Same-cycle P rename bookkeeping uses stable FIFO insertion order derived from rid + decode_slot.
Same-cycle T and U allocations are performed in decode-slot order against T_FIFO and U_FIFO respectively.

Rename contract (P / T / U / CARG)¶

P rename¶

P rename is map-based.
CMAP is the committed rename map.
SMAP is the speculative map visible to rename.
MapQ records speculative P-rename increments against CMAP.
MapQ applies only to P-type destinations (R1..R23).
Only instructions that actually perform a P-rename allocate a MapQ entry.
Recovery is instruction-precise: MapQ cut points are keyed by rid, not just bid.
The default flush replay boundary keeps mappings up to and including the flushing instruction (<= flush_rid) for the younger-squash redirect path.
Same-cycle/decode-width-parallel MapQ updates are ordered by rid plus decode slot; the intra-rid local order key is the decode slot directly.

T/U rename¶

T and U do not use CMAP/SMAP/MapQ.
T allocates from T_FIFO; U allocates from U_FIFO.
A T/U destination write advances the corresponding FIFO allocation pointer.
T/U source operands are represented as relative references (t#N/u#N) and are resolved using the corresponding sequential pointer state.
D3+ must retain both the original relative reference and the resolved tag (ttag/utag).

CARG¶

CARG is block-scoped rather than instruction-scoped.
There is exactly one CARG per block.
CARG is identified implicitly by bid and is not independently renamed.
CARG is a source-side operand class only; it is not a destination class.
CARG does not enter the downstream IQ fabric.
At D3, the resolved CARG value is materialized into the block-scoped CARG file, indexed by bid.

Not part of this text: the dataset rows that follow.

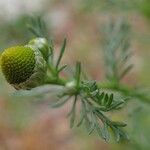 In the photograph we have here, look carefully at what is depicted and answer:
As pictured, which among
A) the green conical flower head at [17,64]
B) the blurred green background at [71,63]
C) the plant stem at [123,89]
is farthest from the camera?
the blurred green background at [71,63]

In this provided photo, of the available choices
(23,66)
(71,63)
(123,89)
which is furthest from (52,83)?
(71,63)

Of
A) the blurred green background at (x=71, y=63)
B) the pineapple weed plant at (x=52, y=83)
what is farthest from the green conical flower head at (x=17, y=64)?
the blurred green background at (x=71, y=63)

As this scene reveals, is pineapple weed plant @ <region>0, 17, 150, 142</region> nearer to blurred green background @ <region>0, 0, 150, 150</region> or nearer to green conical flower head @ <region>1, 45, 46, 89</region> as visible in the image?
green conical flower head @ <region>1, 45, 46, 89</region>

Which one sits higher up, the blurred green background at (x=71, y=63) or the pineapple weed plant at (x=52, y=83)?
the pineapple weed plant at (x=52, y=83)

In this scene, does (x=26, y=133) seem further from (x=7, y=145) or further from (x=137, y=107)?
(x=137, y=107)

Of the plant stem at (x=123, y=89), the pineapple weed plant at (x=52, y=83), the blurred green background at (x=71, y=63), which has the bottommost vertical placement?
the blurred green background at (x=71, y=63)

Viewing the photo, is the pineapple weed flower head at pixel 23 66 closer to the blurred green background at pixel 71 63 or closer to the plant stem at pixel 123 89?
the plant stem at pixel 123 89

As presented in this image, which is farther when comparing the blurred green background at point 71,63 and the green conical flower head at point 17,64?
the blurred green background at point 71,63

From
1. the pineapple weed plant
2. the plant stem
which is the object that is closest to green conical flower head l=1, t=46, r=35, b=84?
the pineapple weed plant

Rename pseudocode (architectural intent)¶

The following pseudocode is informative and captures the required architectural behavior of D2/D3.

D2 source translation / destination allocation request:

for slot in decode_group slots in program order:
  u = d1_uop[slot]

  for each src operand s in u.src[0..2]:
    case s.type of
      P:
        s.ptag_req = SMAP[s.atag]
      T:
        s.ttag_req = ResolveTRel(T_PTR_snapshot, s.t_rel)
      U:
        s.utag_req = ResolveURel(U_PTR_snapshot, s.u_rel)
      CARG:
        s.carg_req = ResolveBlockCarg(u.bid)

  case u.dst[0].type of
    P:
      u.dst[0].ptag_alloc_req = P_FREELIST.alloc()
    T:
      u.dst[0].ttag_alloc_req = T_FIFO.alloc_next(slot_order)
    U:
      u.dst[0].utag_alloc_req = U_FIFO.alloc_next(slot_order)
    none:
      no action

D3 latch / commit of rename results:

for slot in decode_group slots in program order:
  u = d2_uop[slot]

  for each src operand s in u.src[0..2]:
    case s.type of
      P:    s.ptag = s.ptag_req
      T:    s.ttag = s.ttag_req
      U:    s.utag = s.utag_req
      CARG: WriteCargFile(bid=u.bid, value=s.carg_req)

  case u.dst[0].type of
    P:
      u.dst[0].ptag = u.dst[0].ptag_alloc_req.grant
      PushMapQ(rid=u.rid, decode_slot=slot, atag=u.dst[0].atag, new_ptag=u.dst[0].ptag)
    T:
      u.dst[0].ttag = u.dst[0].ttag_alloc_req.grant
    U:
      u.dst[0].utag = u.dst[0].utag_alloc_req.grant
    none:
      no action

P-map recovery pseudocode (architectural intent)¶

The following pseudocode is informative and captures the required architectural recovery rule for P rename state on an instruction-precise flush.

RecoverPMap(flush_rid):
  SMAP = Copy(CMAP)
  for e in MapQ in FIFO order:
    if e.rid <= flush_rid:
      SMAP[e.atag] = e.new_ptag
    else:
      break

Required properties of the above recovery rule:

The default redirect/younger-squash boundary is inclusive: keep mappings for the flushing instruction itself (<= flush_rid).
MapQ ordering is deterministic and stable across decode-width-parallel rename via rid + decode_slot FIFO insertion order.
Only P destinations contribute MapQ entries.
T/U recovery is not driven by MapQ; it follows the corresponding FIFO pointer/state recovery mechanism.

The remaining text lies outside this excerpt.